L'Aquila, il giorno del ricordo / Notizia

Martedì 6 aprile 2010 - La Stampa

L’AQUILA (6 apr. 2010) - Alle 3.32 del 6 aprile 2009 una scossa di magnitudo 6.3 provocò all’Aquila e nel circondario centinaia di crolli che causarono la morte di 308 persone e il ferimento di altre 1.600. La gente si riversò immediatamente per le strade e nelle piazze; attonita, impaurita, inerme, mentre continuavano a cadere pezzi di muri e cornicioni. In pigiama, senza portare nulla con sè, spesso sanguinanti, i cittadini, provati da tre mesi di sciame sismico, si radunarono senza un programma - non ne erano stati predisposti - cercando di sapere che fine avessero fatto i famigliari, gli amici.

Molti non poterono fuggire, bloccati dalle macerie, molti altri non lo fecero per soccorrere i propri cari.
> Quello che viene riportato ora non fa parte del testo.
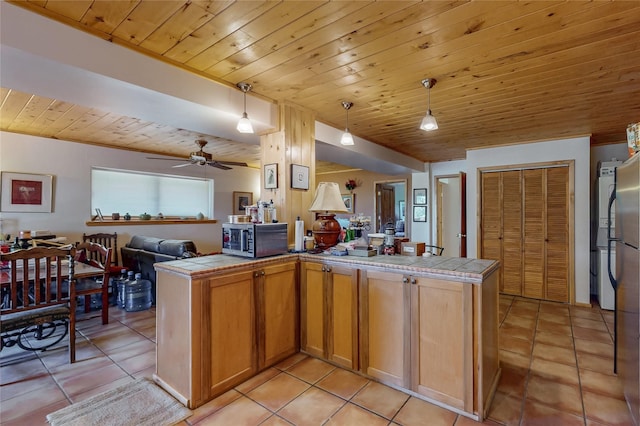 387 County Road B64, Pecos, NM 87552 - kitchen with tile countertops, stainless steel microwave, open floor plan, wood ceiling, and light tile patterned flooring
E non sempre ci riuscirono. Dalle macerie cominciavano a spuntare i primi corpi. La città era nel caos; i telefoni andati in tilt non consentivano comunicazioni decenti, e a decine partirono dalle altre città per raggiungere il capoluogo abruzzese dove avevano i figli a studiare. Intere famiglie, studenti non aquilani, rimasero «per sempre» sotto alle macerie. Mezz’ora dopo partì la macchina dei soccorsi: da tutta Italia arrivarono centinaia di volontari della Protezione civile, delle associazioni, i vigili del fuoco: un esercito per cercare di organizzare una città distrutta, rasa al suolo, senza più nulla; per aiutare a scavare nelle macerie, a dare una coperta, un bicchiere di acqua, una parola di conforto, una flebile speranza a chi era convinto che le centinaia di scosse dei mesi precedenti e le due della stessa sera mai avrebbero avuto il coraggio di riservare la "botta". Quella "botta" che, a un anno di distanza, non è stata metabolizzata e chissà se mai lo sarà.

Stanotte migliaia di aquilani si sono ritrovarti nella loro città ancora ferita, con attorno 4 milioni di tonnellate di macerie, con le attività che sono scomparse o stentano a riprendere, con un tessuto sociale modificato dalle 19 new town realizzate per dare un tetto prima che arrivasse l’inverno gelido. In Piazza Duomo, che fu il primo grande ritrovo mentre la terra non smetteva di tremare, stanotte sono state ricordate le vittime, ma, soprattutto, si è cercato di recuperare una identità che rischia di scomparire tra gli alberghi della costa, le sistemazioni fuori città, la difficoltà di ristabilire normali relazioni sociali, con 53 mila persone ancora assistite e una ricostruzione che stenta a ripartire.

Circa venticinquemila persone si sono radunate con fiaccole, candele e lumini. In piazza Duomo sono confluite quattro lunghe fiaccolate che hanno attraversato le poche strade aperte del centro. Qui sono stati letti i nomi dei morti, poi alle 3:32 - ora della devastante scossa dello scorso anno -, le campane della chiesa delle Anime Sante hanno suonato a morto con 308 rintocchi. I cortei erano aperti ognuno da striscioni retti dai familiari delle vittime. In uno, che aveva anche le foto di otto studenti, si leggeva: "Assassinati nella casa dello studente".

Le fiaccolate si sono svolte in silenzio e senza alcun indicente. Molti cittadini hanno raggiunto il piazzale di Collemaggio, dove alle 4 c'è stata la messa solenne. Un breve e contenuto applauso ha seguito, dopo qualche minuto di raccoglimento, i 308 rintocchi di campana. Una persona presente alla commemorazione ha accusato un lieve malore, probabilmente a causa dell’emozione.